Week of  3/13/02
   
 
 
Stevens wants justice plan in place before election
By Scott McLeod


Jim Stevens hopes to get the justice center project under way before he leaves office, the county board chairman said last week.

“I’m hoping to start it before I go out,” said Stevens, who is not seeking re-election.

The question of whether the current board should proceed with the controversial $30 million project (a new justice center, a parking garage, a new jail and a renovation of the existing historic courthouse) or hold off until a new board is elected is one that many running for county board are raising. Some say the election will, in effect, be a referendum on the project. Those who win will do so because they represent the will of the county’s electorate.

The first part of the project won approval last week when county commissioners voted 3-1 to tell architects to develop construction plans for the Branner Avenue parking garage. That $4 million project will be partially paid for by the town of Waynesville, which offered $2.5 million toward the parking in exchange for the county keeping the justice center downtown.

If all proceeds as scheduled, the 370-space garage could be completed by December of this year.

“We’re gonna need the parking as early as we can get it,” said Stevens.

Still, the two incumbent commissioners who are running for re-election complained last week that there are real problems in the way this project is proceeding and in the way county business is being handled. The vote taken on March 4 to proceed with the parking garage was not on the county’s agenda for the meeting.

“We’ve asked for nothing to be voted on unless it is on the published agenda,” said Commissioner Wade Francis, who cast the lone vote against proceeding with the parking garage.

The discussion of the parking garage was added to the county’s agenda by Assistant County Manager Rick Honeycutt during the meeting, a move which is legal. However, some boards have a policy of not voting on items that are added to the agenda, thereby providing the public a chance to attend when important votes are taking place. Francis said the way it was handled cut the public out of the process.

Commissioner Mary Ann Enloe missed the March 4 meeting because she and County Manager Jack Horton were at a conference. On her return trip with Horton, she claims he did not explain what happened during the commissioners’ meeting when she asked him about it.

“It seems I was deliberately not told. I don’t want to see a pattern of deception, and I am very disappointed. Why wasn’t it on the agenda since our county manager had left instructions for Mr. Honeycutt? I am really disturbed by all this,” said Enloe.

In order to build a justice center downtown, all parking on the grounds of the current courthouse will likely be lost during construction. With a parking garage, a future board will still have the ability to change the scope of the justice center project if they desire, said Stevens.

Stevens said a decision two weeks ago to ask architects to scale back the size of the justice center may have been a mistake. He visited Jackson County’s justice center last week and talked to government officials there who told him Haywood should build all the shell space it can, said Stevens.
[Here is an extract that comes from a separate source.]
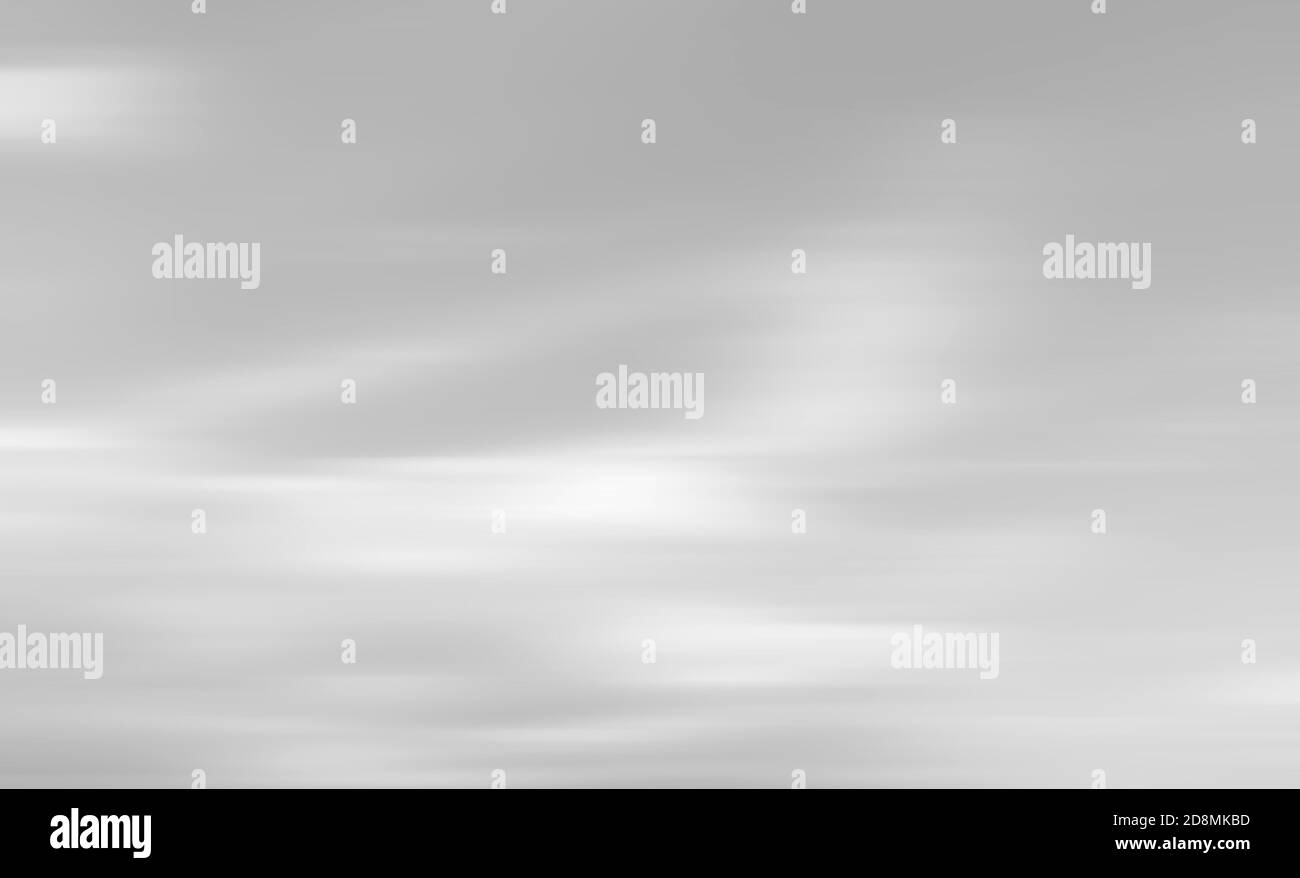 Abstract blurred nature background. Clouds in motion blur. Background for design and templates Stock Photo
“That got me worried that reducing the justice center by that 30-foot section may not be the right way to go,” said Stevens. “I’m having some second thoughts on that.”

Drawings presented two weeks ago by HLM Architects were for a 104,000-square-foot justice center with about 10,000 square feet of shell space for future growth. Commissioners sent the architects back to Orlando with orders to cut out the shell space and reduce the size of the building.